Entries supplied:

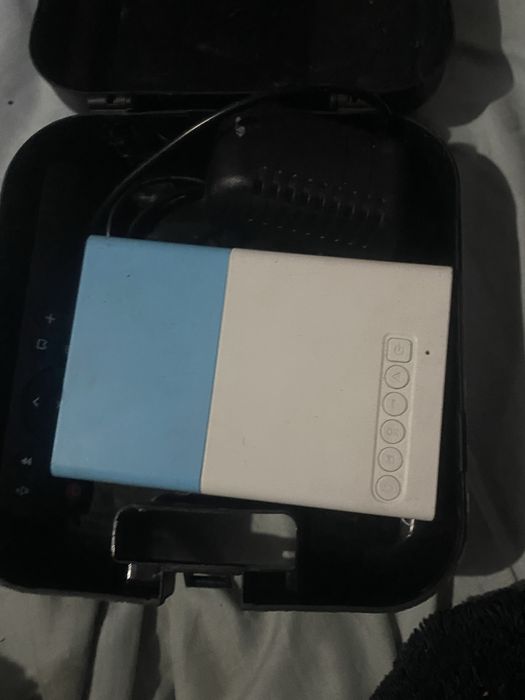 Проэктор линзовый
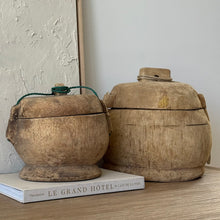 Load image into Gallery viewer, Antique Container _ Natural
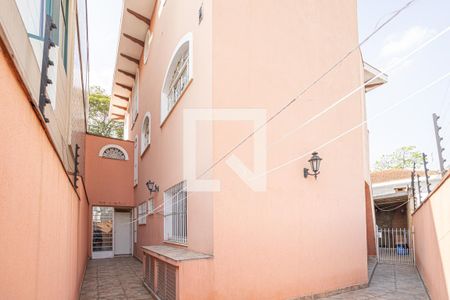 Casa para alugar com 300m², 3 quartos e 4 vagas Casa para alugar com 300m², 3 quartos e 4 vagasCorredor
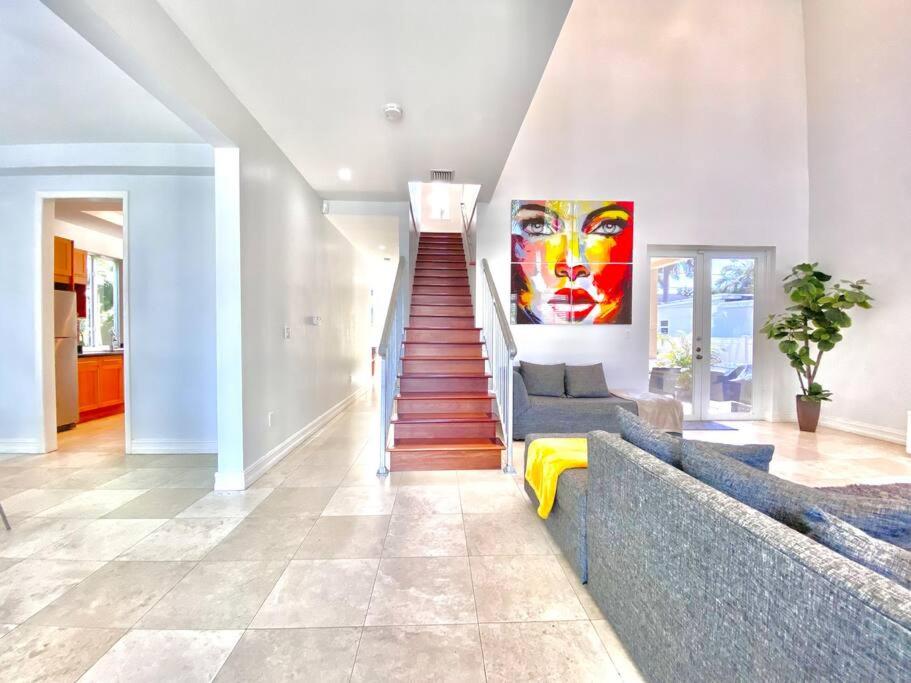 | LUXURY FAMILY VILLA with POOL 5 bed/4 bath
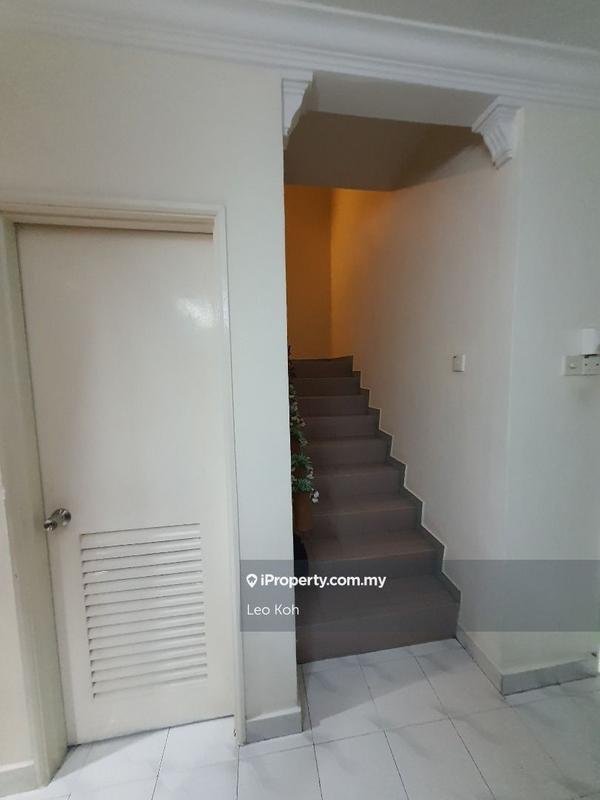 Rumah Berangkai 2 Tingkat untuk Dijual di Taman Serdang Raya, Seri Kembangan oleh Leo Koh - iProperty.com.my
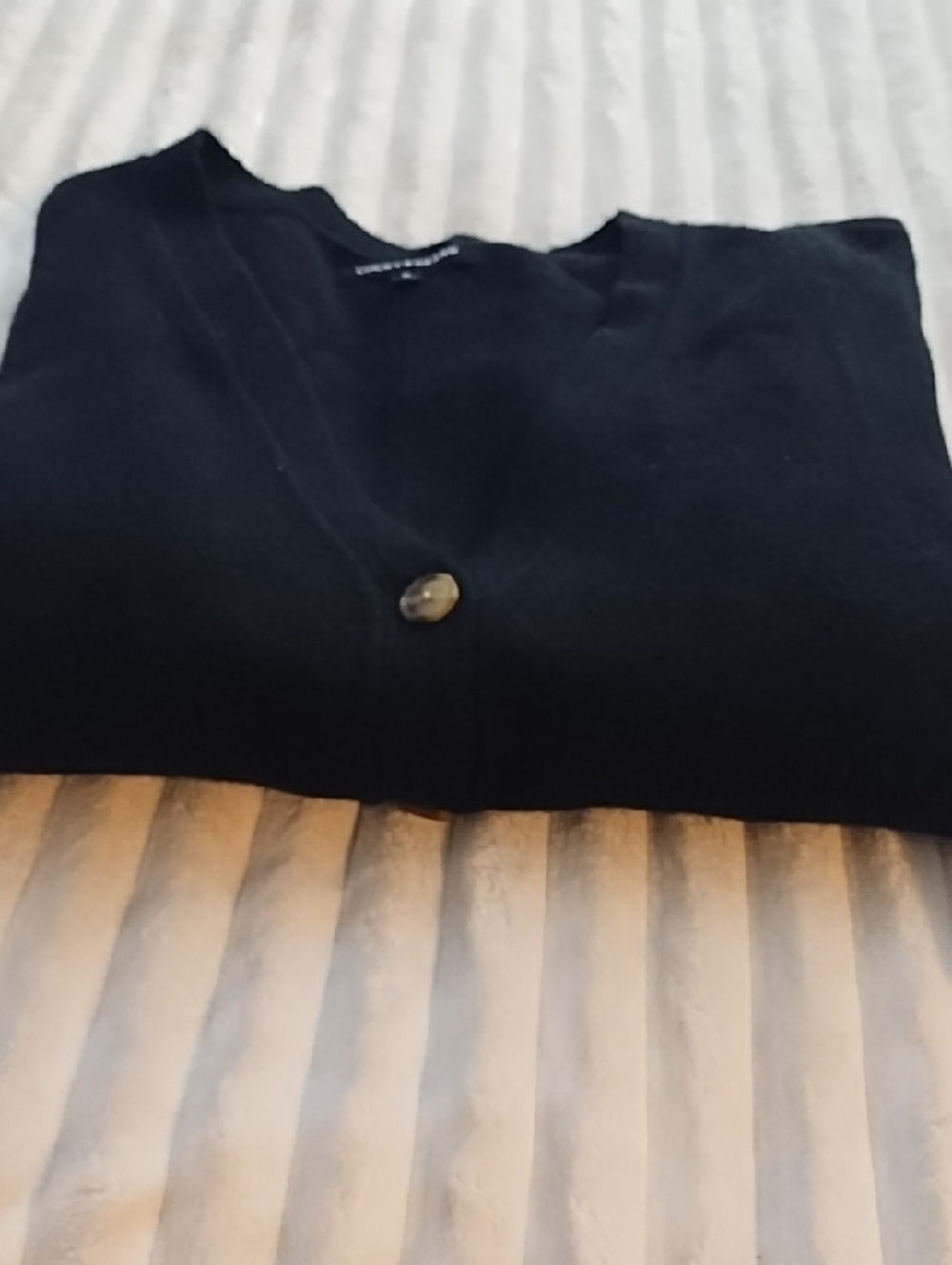 Classic Black V-Neck Women's Cardigan Sweater -Lucky Brand - Picture 5 of 5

Work instruction: Pictures stay out. Repeat only the lines from the beginning of the data through the line that has "5 bed/4 bath".

Result:
 Проэктор линзовый
 Load image into Gallery viewer, Antique Container _ Natural
 Casa para alugar com 300m², 3 quartos e 4 vagas Casa para alugar com 300m², 3 quartos e 4 vagasCorredor
 | LUXURY FAMILY VILLA with POOL 5 bed/4 bath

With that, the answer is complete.